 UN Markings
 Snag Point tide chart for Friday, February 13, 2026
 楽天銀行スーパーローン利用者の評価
--
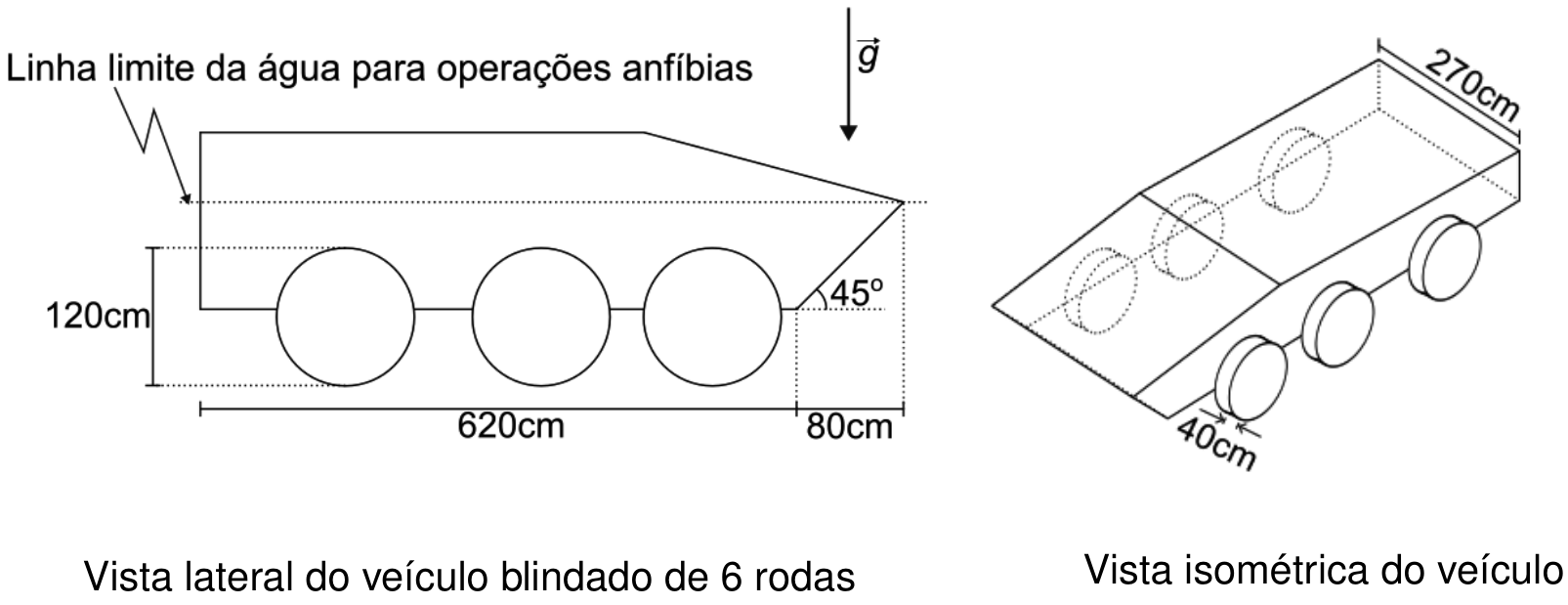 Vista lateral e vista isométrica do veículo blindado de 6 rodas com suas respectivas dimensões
...
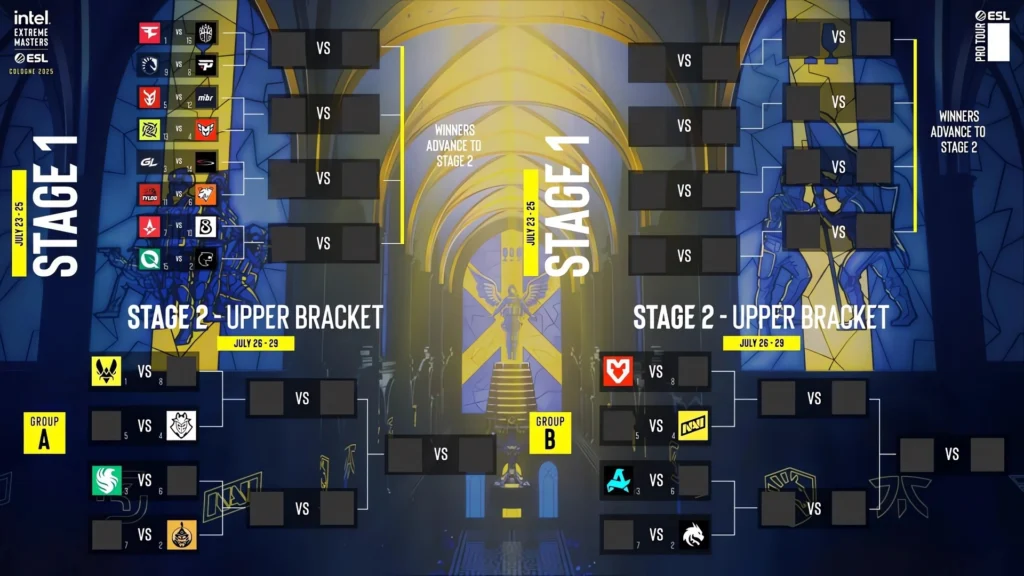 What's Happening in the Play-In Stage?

### [WORK TO BE COMPLETED]
Looking at the data above, return every line from the one with "Snag Point tide" down to the one with "楽天銀行スーパーローン利用者の評価", exactly and inclusively.

### [RESPONSE AREA]
 Snag Point tide chart for Friday, February 13, 2026
 楽天銀行スーパーローン利用者の評価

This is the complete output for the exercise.